Power of Attorney Services

Cost & timeline of Power of Attorney (POA’s) in Dubai/UAE

This guide is informational only. Requirements vary by authority and by the institution that must accept your POA’s. This is not legal advice.

Quick answer

The cost and timeline for Power of Attorney (POA’s) in the UAE depend on the type and complexity of the POA’s (banking, property, corporate), whether Arabic drafting or certified translation is required, and whether notarisation and/or cross-border attestation steps apply. The fastest path usually starts with confirming the right scope and execution route before you notarise—because rework is what creates most delays.

Scope note

Fees and timelines vary by authority and by case. This guide explains what typically drives cost and time so you can plan, but it is not a quote. Use /pricing/ for published POAS fees and confirm third-party authority costs where applicable.

What usually drives cost for POA’s

  • POA’s type and scope complexity (property and corporate are usually more complex than simple one-action mandates).
  • Number of parties and assets (multiple properties, multiple agents, multiple powers).
  • Arabic drafting or certified legal translation requirements.
  • Notarisation route (online vs in-person availability can affect turnaround).
  • Attestation/legalisation steps (cross-border chains can add third-party fees and courier costs).
  • Urgency and revisions (multiple drafts because scope wasn’t confirmed up front).

What usually drives timeline

  • Waiting for counterparty requirements (banks/trustee offices often have strict acceptance rules).
  • Translation and name matching across languages (small spelling differences cause big delays).
  • Appointment scheduling for notarisation (in-person or video verification).
  • Cross-border legalisation/attestation steps (multiple offices, courier time).
  • Missing supporting documents (bank letters, title deed, trade licence, etc.).

A practical timeline model

  • Step 1: Scope confirmation + document review (fastest when you upload the right supporting documents).
  • Step 2: Drafting (one draft when scope is clear; multiple drafts when scope changes).
  • Step 3: Execution/notarisation (depends on scheduling and eligibility).
  • Step 4: Attestation/legalisation (only when needed; often the longest part).
  • Step 5: Submission to the receiving institution (their verification time is outside your direct control).
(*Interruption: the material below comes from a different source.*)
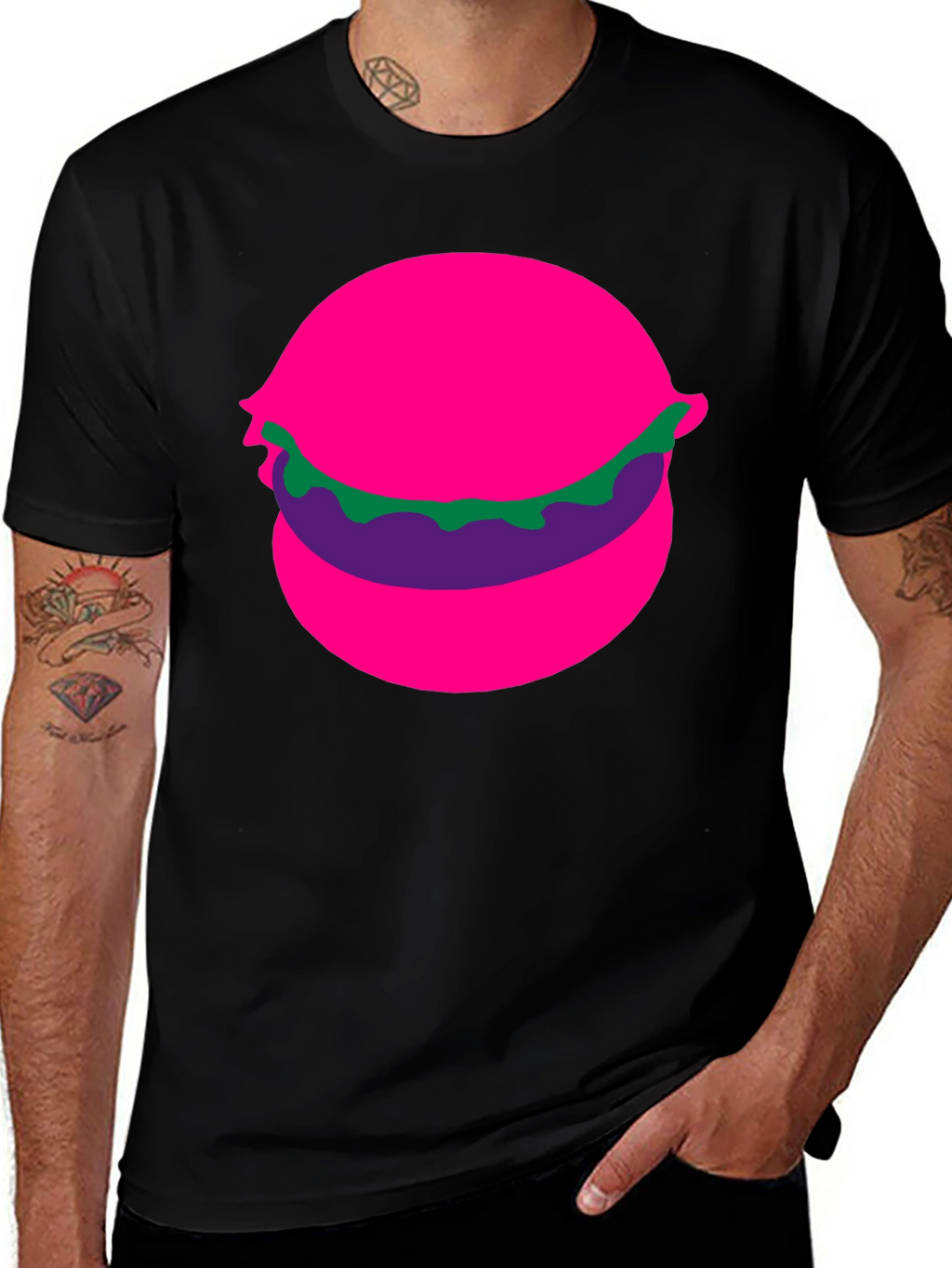 Funky Burger Graphic Tee - Black
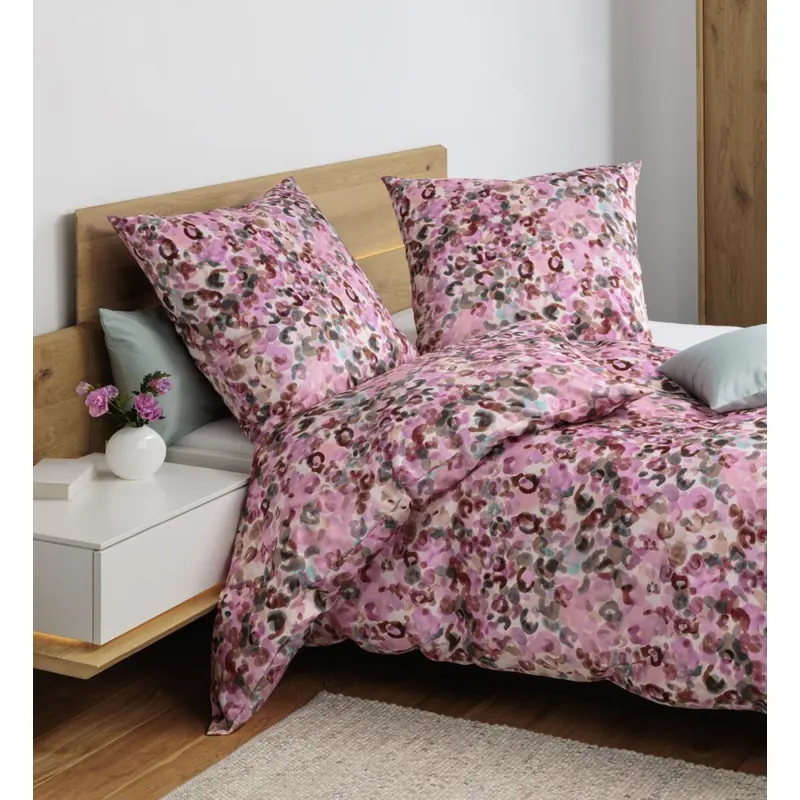 Janine Mako-Satin Bettwäsche 155x200 Modern Art S rosa naturell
How to reduce cost and time

  • Start with the receiving institution’s requirement (bank/trustee/authority). If they have a template, use it.
  • Upload supporting documents early (bank letter, title deed, trade licence).
  • Keep scope narrow: one asset, one transaction, one purpose where possible.
  • Match names and IDs exactly to passports/Emirates IDs from the start.
  • If you are overseas: confirm the legalisation/attestation chain before you execute anything.

FAQs

It depends on the POA’s type, scope, and whether translation/attestation is required. Use the pricing page for published POAS fees, and confirm any third-party authority fees where applicable.

Turnaround depends on scope clarity, notarisation route, and third-party steps. The most common delays are scope rework, translation issues, and cross-border attestation chains.

Sometimes, if you are eligible and if the receiving institution accepts the route. Online availability and verification steps vary.

Most often due to rework: the scope didn’t match what the bank/registry required, so the POA’s had to be re-drafted and re-executed.

Your ID, agent details, what you need the POA’s for, and any supporting documents (bank letter, title deed, trade licence).

Governance

Maintenance: Updated for material UAE authority/trustee process changes and recurring user confusion.